---------- The data ----------
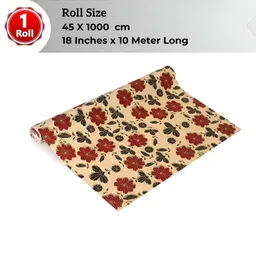 LooMantha Beige & Maroon Floral Printed Water Resistant Shelf Liner-21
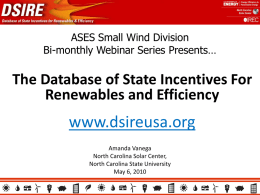 Introduction to DSIRE for the Small Wind Community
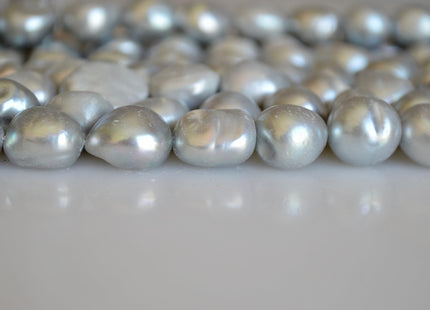 12-15x18 mm AA Jumbo Size Natural White Or Gray Rice/Oval Freshwater Pearl Irregular Nugget Beads Genuine Freshwater Pearls #394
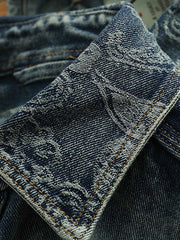 ウォッシュ加工デニムワークシャツの全体展示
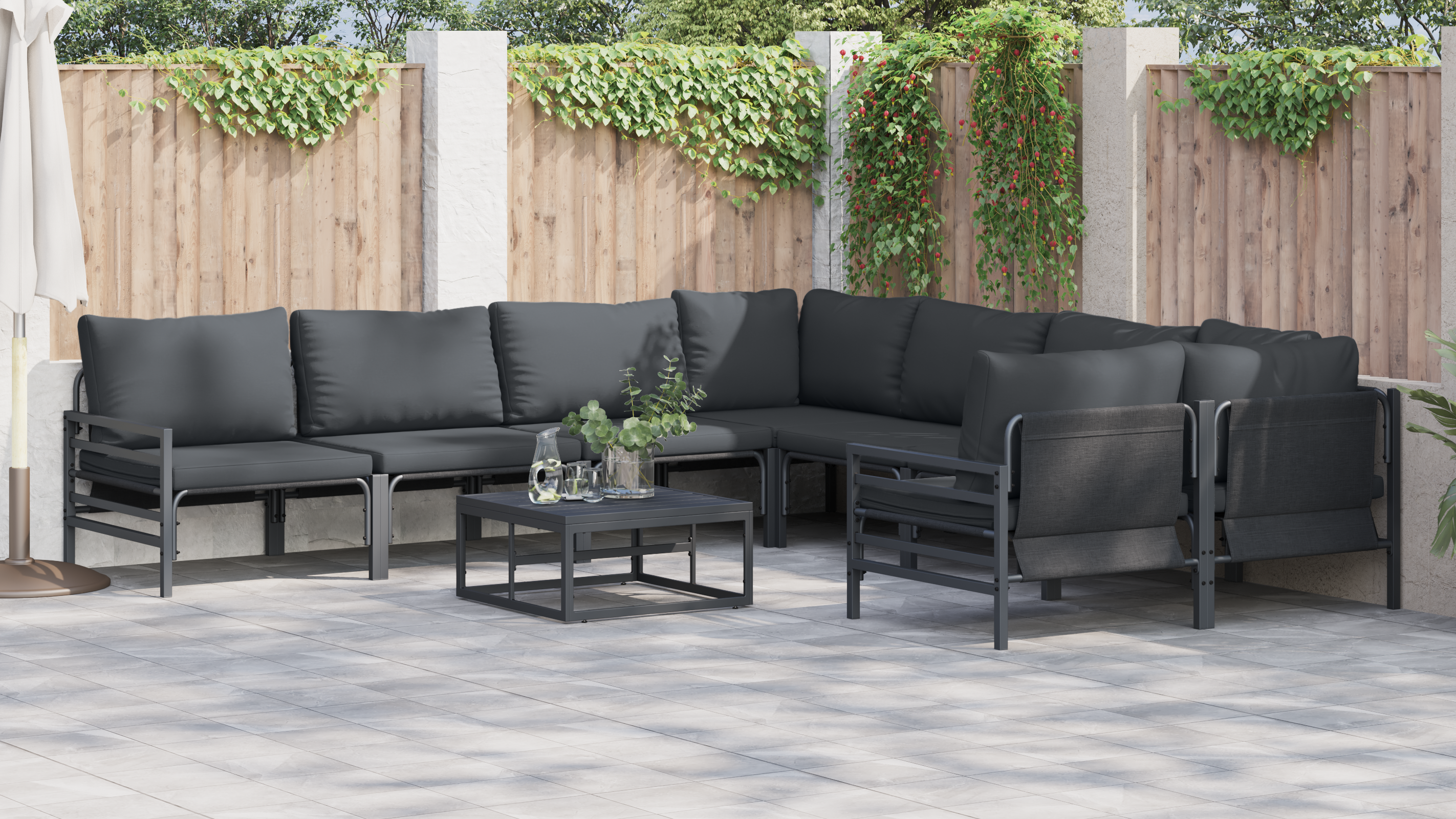 Hagesofa Set med pute Antrasittgrå Stål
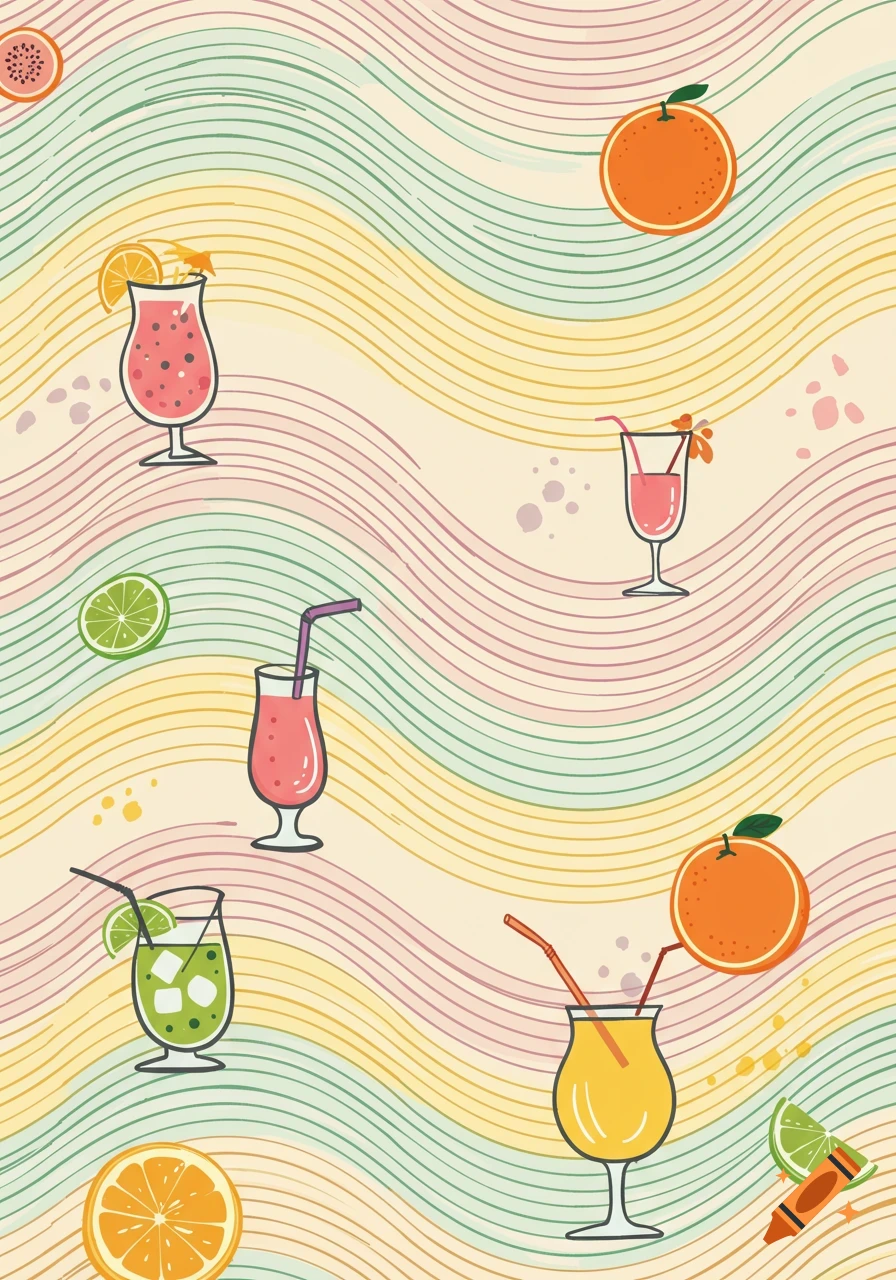 Stylized seamless pattern of wavy lines in pastel colors, featuring illustrations of cocktails, oranges, and limes.
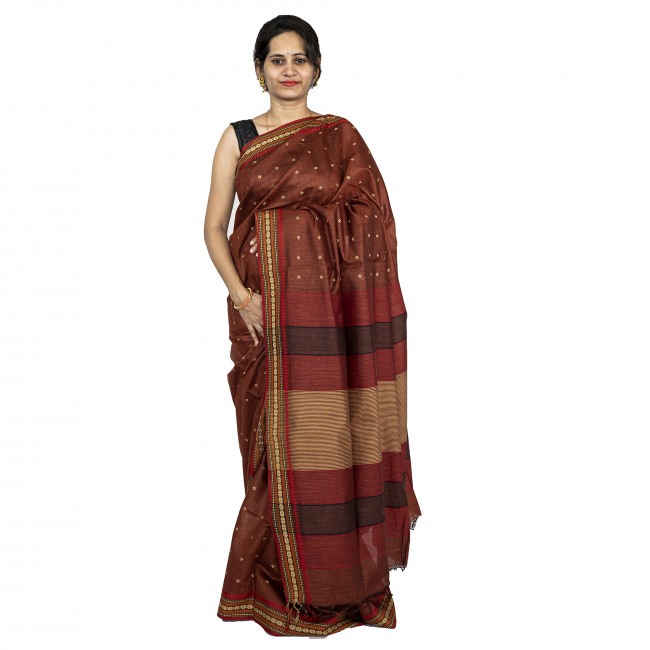 Handwoven Tussar Silk Dark Brown Saree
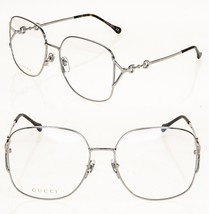 GUCCI Horsebit 1019 Silver Oversized Eyeglasses 58mm GG1019O 002 Optical Unisex - £279.67 GBP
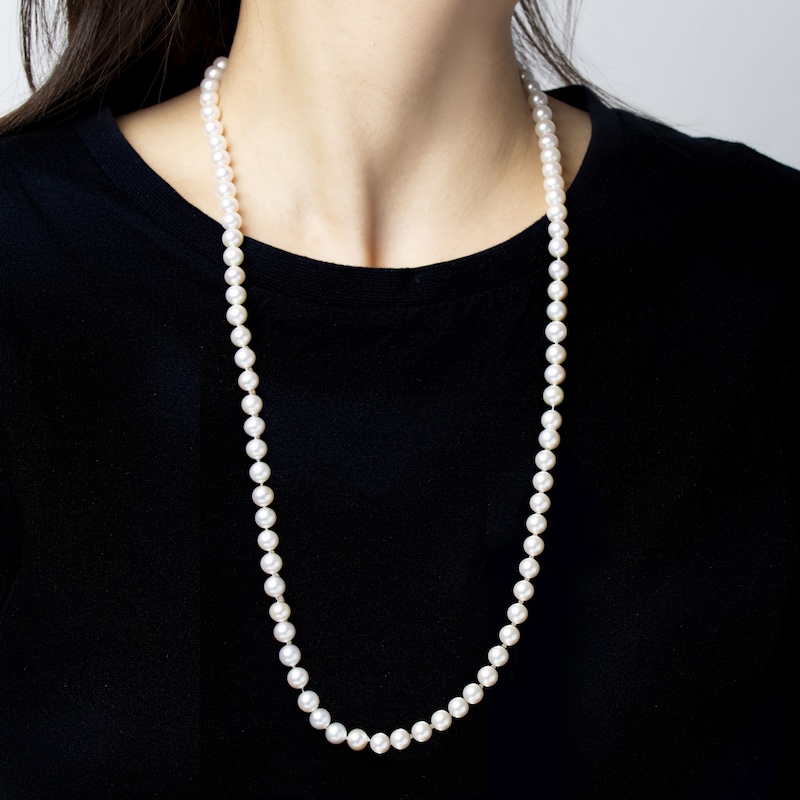 Yoko London Freshwater Cultured Pearl Necklace 18K White Gold 24"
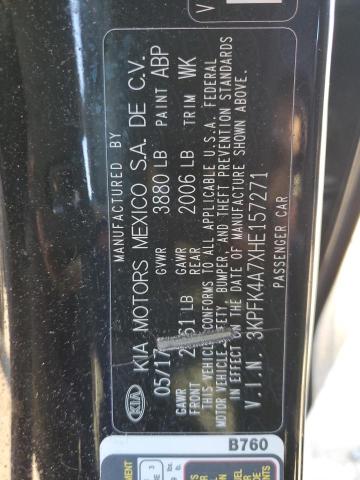 3KPFK4A7XHE157271 | 2017 KIA FORTE LX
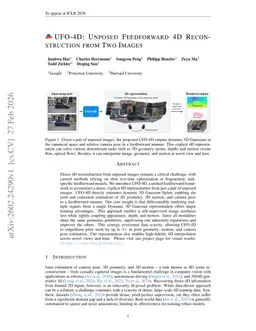 UFO-4D: Unposed Feedforward 4D Reconstruction from Two Images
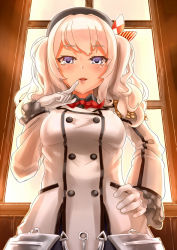 Rule 34 | 10s, 1girl, beret, blue eyes, blush, breasts, buttons, chen bingyou, colored eyelashes, double-breasted, epaulettes, female focus, finger to mouth, gloves, hand on own hip, hat, jacket, kantai collection, kashima (kancolle), large breasts, looking at viewer, military, military jacket, military uniform, smile, solo, twintails, uniform, white gloves, white hair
----------
(Required work): Please reproduce the listing exactly, leaving out any pictures.

(Exercise result):
 LooMantha Beige & Maroon Floral Printed Water Resistant Shelf Liner-21
 Introduction to DSIRE for the Small Wind Community
 12-15x18 mm AA Jumbo Size Natural White Or Gray Rice/Oval Freshwater Pearl Irregular Nugget Beads Genuine Freshwater Pearls #394
 ウォッシュ加工デニムワークシャツの全体展示
 Hagesofa Set med pute Antrasittgrå Stål
 Stylized seamless pattern of wavy lines in pastel colors, featuring illustrations of cocktails, oranges, and limes.
 Handwoven Tussar Silk Dark Brown Saree
 GUCCI Horsebit 1019 Silver Oversized Eyeglasses 58mm GG1019O 002 Optical Unisex - £279.67 GBP
 Yoko London Freshwater Cultured Pearl Necklace 18K White Gold 24"
 3KPFK4A7XHE157271 | 2017 KIA FORTE LX
 UFO-4D: Unposed Feedforward 4D Reconstruction from Two Images
 Rule 34 | 10s, 1girl, beret, blue eyes, blush, breasts, buttons, chen bingyou, colored eyelashes, double-breasted, epaulettes, female focus, finger to mouth, gloves, hand on own hip, hat, jacket, kantai collection, kashima (kancolle), large breasts, looking at viewer, military, military jacket, military uniform, smile, solo, twintails, uniform, white gloves, white hair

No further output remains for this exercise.